Ed hanno fatto benissimo a non fidarsi perché il Corriere mostra un andamento disastroso dei rendimenti dei FPI, sia chiusi che aperti, risultati nettamente inferiori all’andamento del TFR accantonato in azienda. Da maggio 2007 a giugno 2008 i maggiori fondi di categoria, per intenderci quelli gestiti dai sindacati confederali assieme ai padroni, hanno perso l’1,9%, con punte dell’8-10% per le linee azionarie (qualche esempio: linea bilanciata dei metalmeccanici Cometa: -5%; linea bilanciata azionaria dei chimici Fonchim: -8,3%; linea bilanciata degli autoferrotranvieri Priamo: -2,1%; linea bilanciata azionaria delle telecomunicazioni Telemaco: -9,6%) mentre il TFR lasciato in azienda che, complice il ritorno di fiamma del costo della vita, si è rivalutato del 3,6% (di una quota fissa pari all’1,5% più il 75% del tasso d’inflazione programmato). A questo si aggiunga il fatto che dai già magri risultati ottenuti dai fondi bisogna sottrarre le commissioni a carico dell’iscritto a vantaggio dei gestori finanziari (banche, assicurazioni e grandi imprese), gli oneri vari, i caricamenti delle polizze assicurative, ecc. che il sottoscrittore è tenuto a pagare indipendentemente dal rendimento conseguito, ovvero anche in caso di forte perdita (come in questo caso) e che non sono ovviamente presenti nel TFR.
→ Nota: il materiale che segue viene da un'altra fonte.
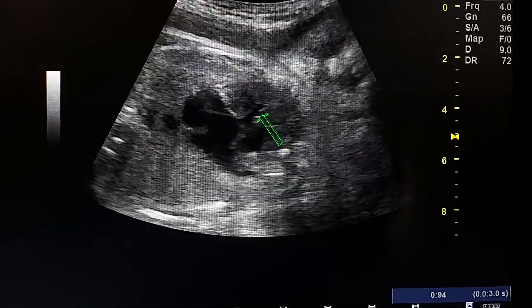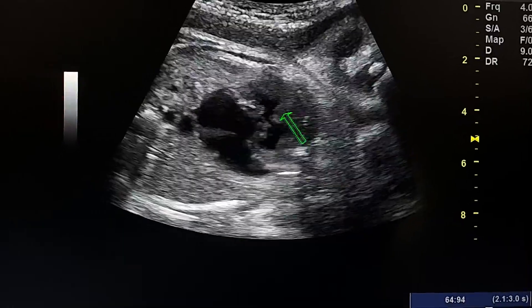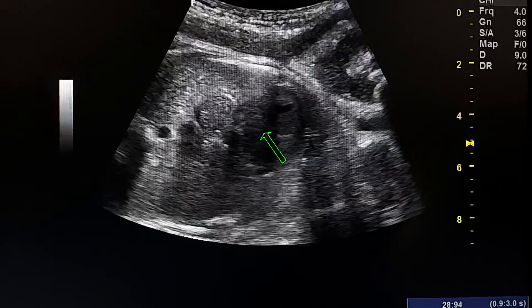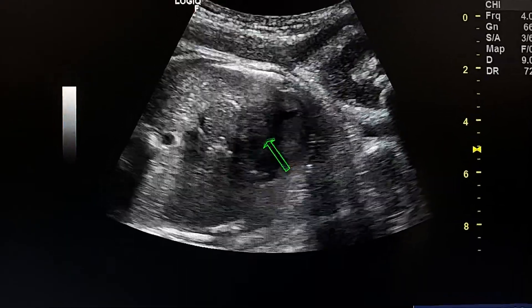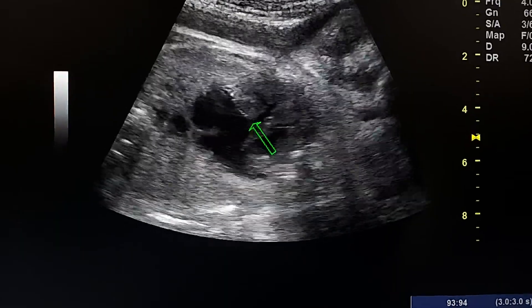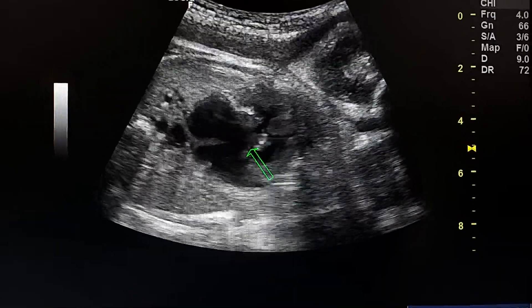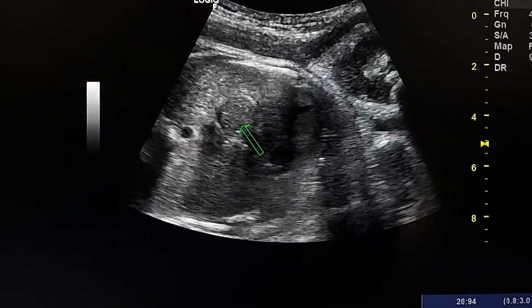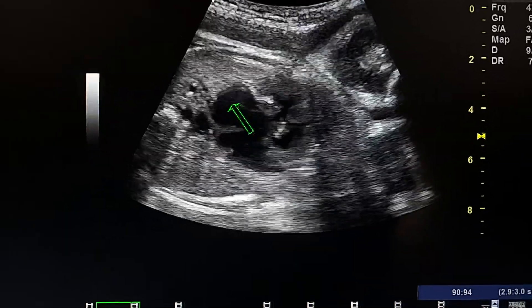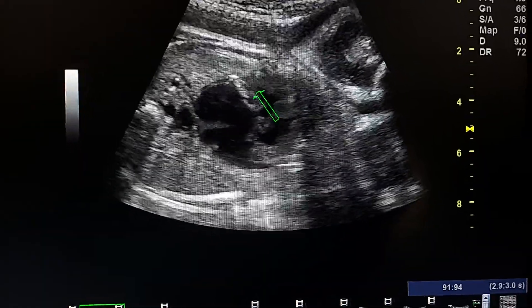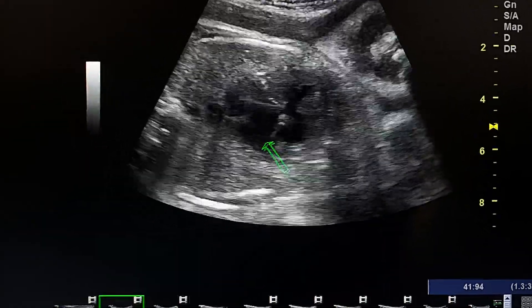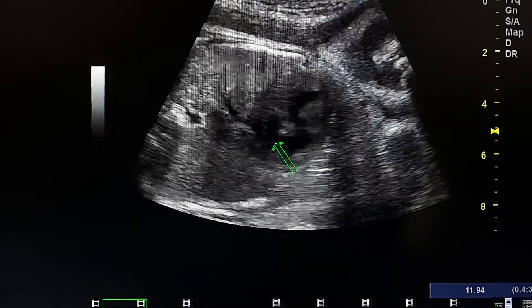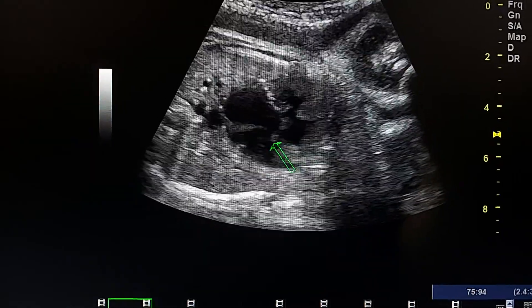Here we see a small interventricular septum with a large VSD. This valve is the valve between the left atrium and the left ventricle, and here we see a fibrous band at the site of the tricuspid valve.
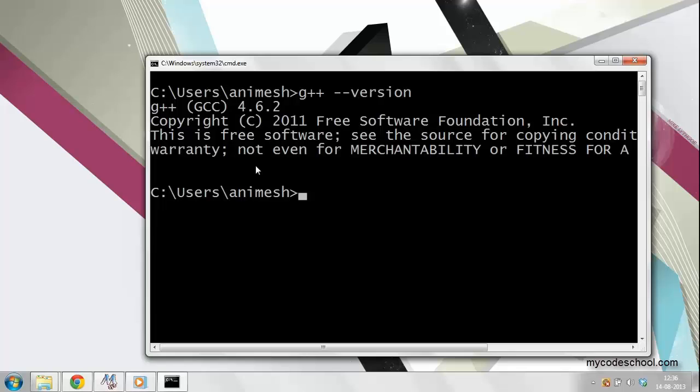So this is how you install and configure GCC or G++ on a Windows machine. Thanks for watching.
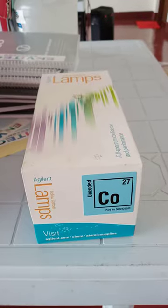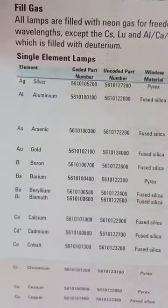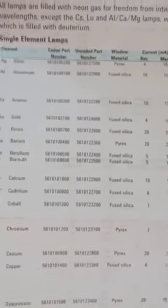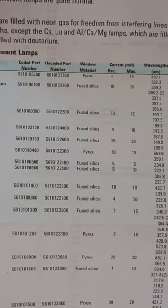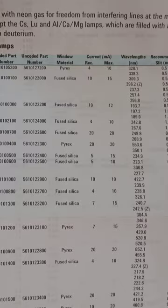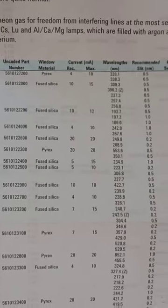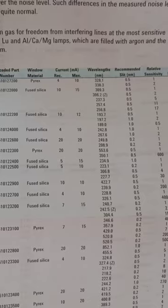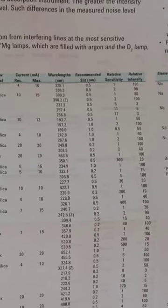This particular lamp is for Cobalt 27. The recommendations for a hollow cathode lamp for Cobalt — for example, it has a fused silica and the recommended current is 7 milliampere to 15 milliampere. The wavelength for Cobalt is 240.7, and the slit will be 0.2. This table is used for programming of your AAS.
Per costringere i lavoratori ad aderire ai FPI, padroni, sindacati e governi di ogni colore hanno fatto di tutto: hanno distrutto le pensioni di anzianità con la controriforma di Dini nel 1995, hanno escogitato l’imbroglio del silenzio-assenso, hanno ridotto il salario a livello da fame, hanno previsto con l’accordo del 23 luglio 2007 la decurtazione futura del 6/8% dei “coefficienti di trasformazione”… ma i lavoratori non mollano.
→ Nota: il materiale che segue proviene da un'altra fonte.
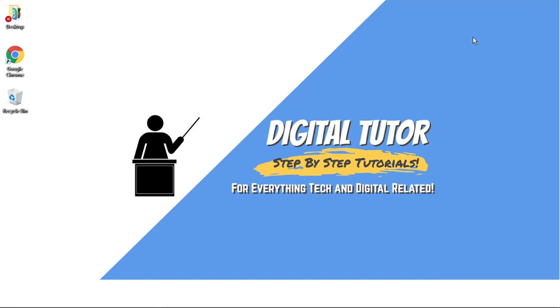Hi guys, what's going on? It's the Digital Tutor here with another step-by-step tutorial. In today's video, I'm going to show you how to redeem codes, as in promo codes, on Roblox.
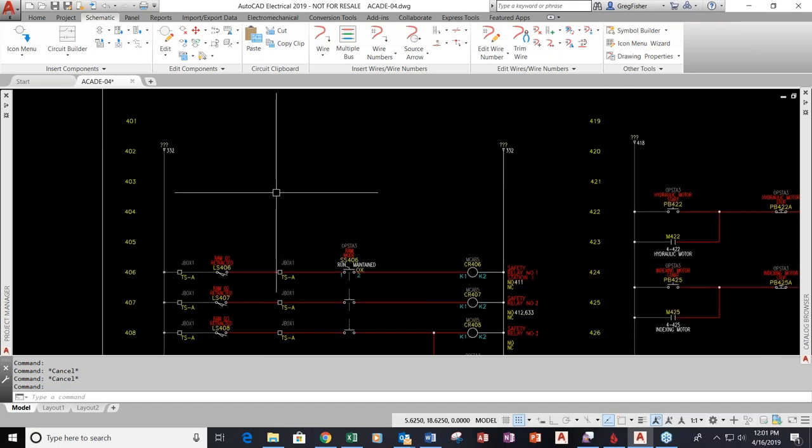We'll get started. As you can see, I don't have a boring PowerPoint for you. We're just going to jump in to AutoCAD Electrical.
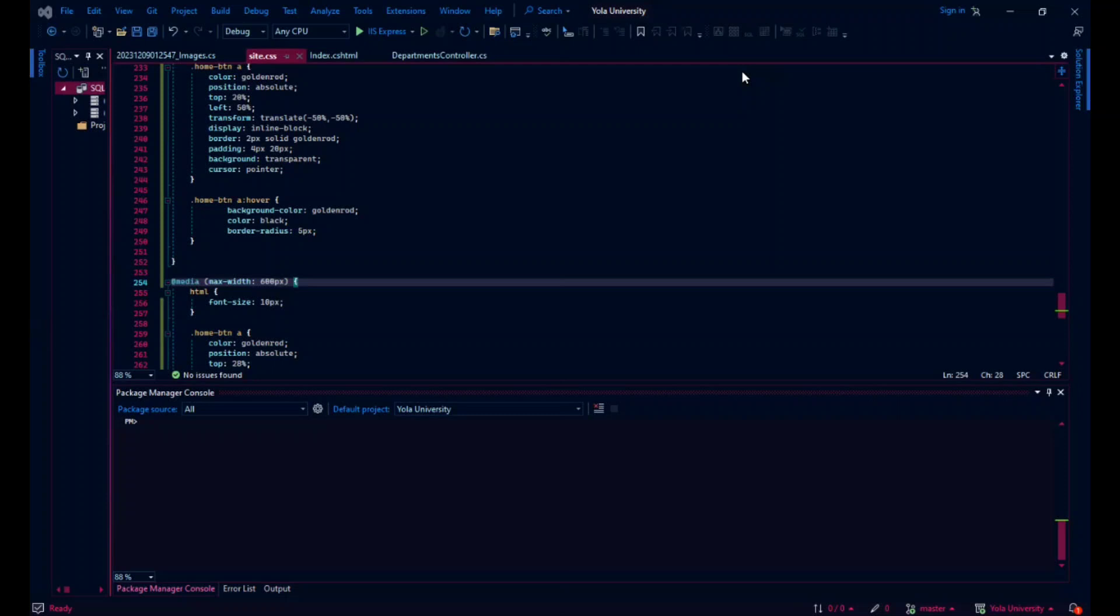Hello, everyone. This is Joseph, and today I'm going to be talking about a web application that I created.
Alla fine di aprile 2008 gli iscritti alla previdenza complementare erano 4,65 milioni, poco più di un quinto su un totale di circa 22 milioni di lavoratori e fra i 12,2 di dipendenti privati interessati dalla riforma; un tasso di adesione del 25%, ben lontano da quel 40% fissato come obiettivo per fine 2007 dall'ex ministro confindustriale del Lavoro, Cesare Damiano. E se i lavoratori avessero potuto prevedere (come ha fatto il governo Prodi, che infatti ha anticipato l’avvio del semestre per il silenzio-assenso di un anno, ma senza dirci perché) che ci sarebbe stata la crisi dei “mutui subprime” in cui sono investiti anche i soldi di chi ha aderito ai FPI, l’adesione dei lavoratori sarebbe stata ancora più bassa.

Possiamo cantare vittoria? No di certo, perché la truffa del silenzio-assenso continua e ogni volta che verremo assunti in una nuova azienda scatterà il semestre per dichiarare esplicitamente il rifiuto dell’adesione ai FPI; senza questa dichiarazione il TFR verrà destinato automaticamente ai FPI.
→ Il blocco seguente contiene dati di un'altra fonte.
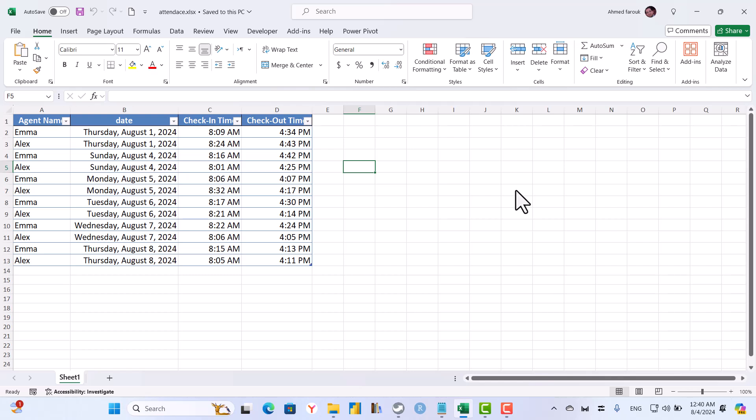Hi, in this lesson we will learn how to find the total working hours for each staff member based on in and out time.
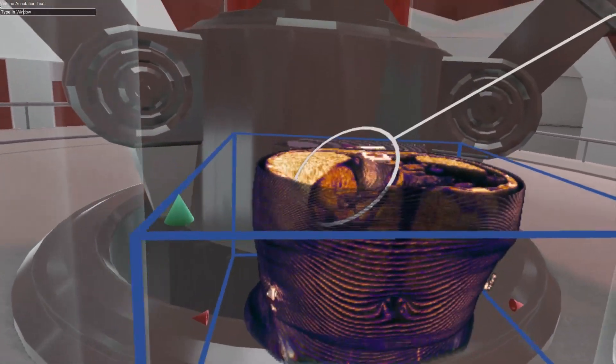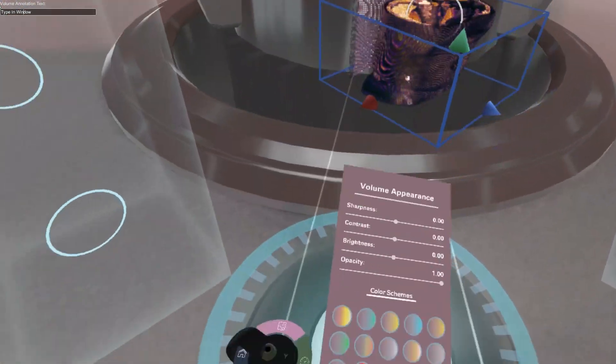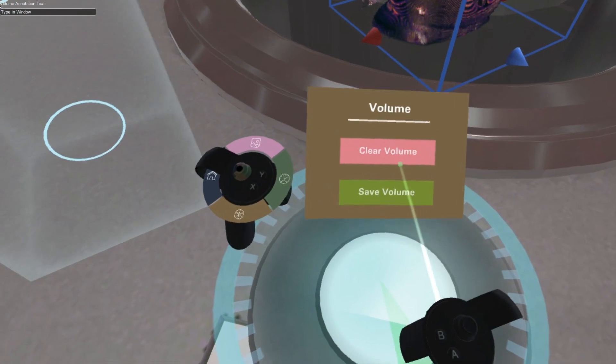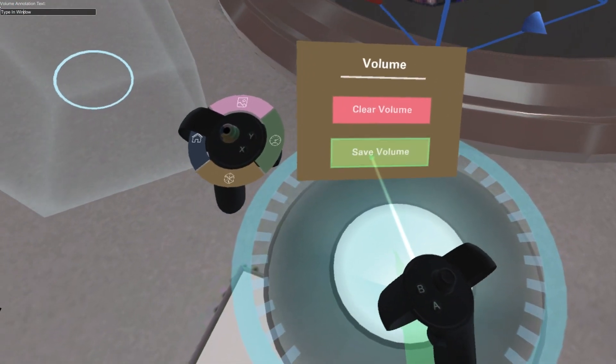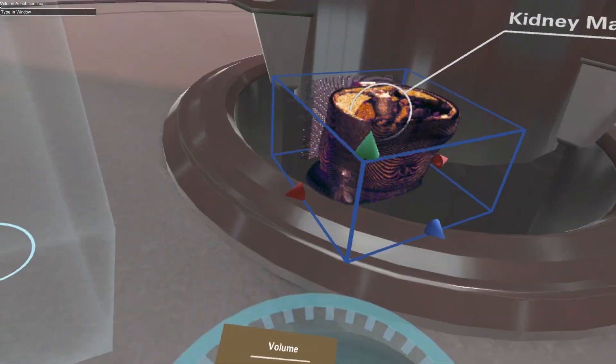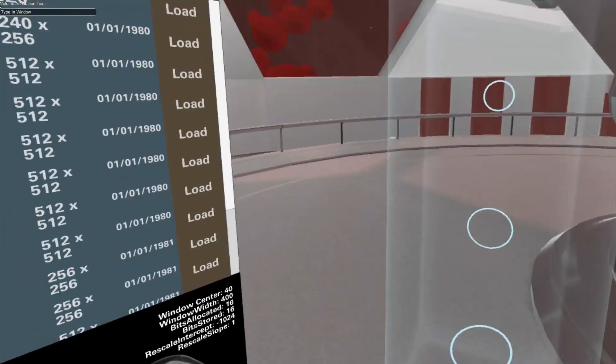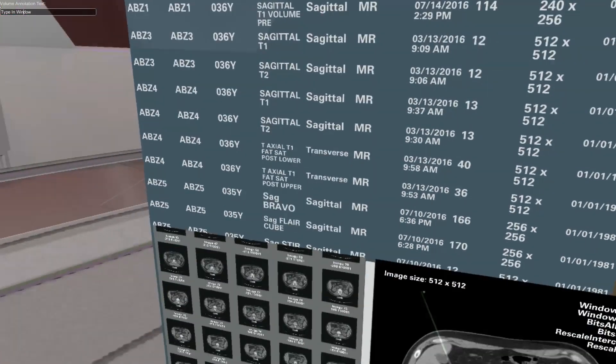The volumes can then be saved and uploaded to be viewed anywhere in the world. All patient health information is removed in the process.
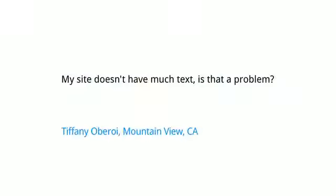Today's Webmaster video question comes from Tiffany Oberoi in Mountain View, California. Tiffany wants to know: my site doesn't have a lot of text. Is that a problem? Well, Tiffany, it doesn't have to be a problem, but there are some extra steps you can do to let Google know what your site is about.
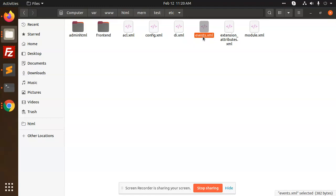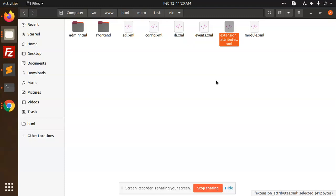Extension_attributes.xml - this is a new concept. Whenever you have a data interface in any of the core modules, you can extend those attributes without creating any kind of column in the database. This is a new concept of extension attributes where you can create a column in the database with the help of this one.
Adesso la battaglia è per rendere reversibile l’adesione ai FPI e permettere ai lavoratori di poter tornare indietro. Ma non sarà facile perché i lavoratori sono quasi tutti contro.
Per questa ragione ti chiediamo non solo di dire NO al trasferimento del TFR ai FPI, ma anche di collegarti con noi per sviluppare un’incisiva battaglia sul territorio per la difesa della previdenza pubblica, del contratto nazionale del lavoro (contro l’attacco che viene portato proprio in questi giorni dai sindacati confederali, padroni e forze politiche di entrambi gli schieramenti), del salario, della sanità, della sicurezza e salute sul lavoro.
Uniamoci tra lavoratori contro chi ha distrutto il nostro salario, i nostri diritti, la nostra sicurezza.
Per ricostruire una forza dei lavoratori contro cui tutti debbano tornare a fare i conti, per unire quello che il padrone cerca ogni giorno di dividere.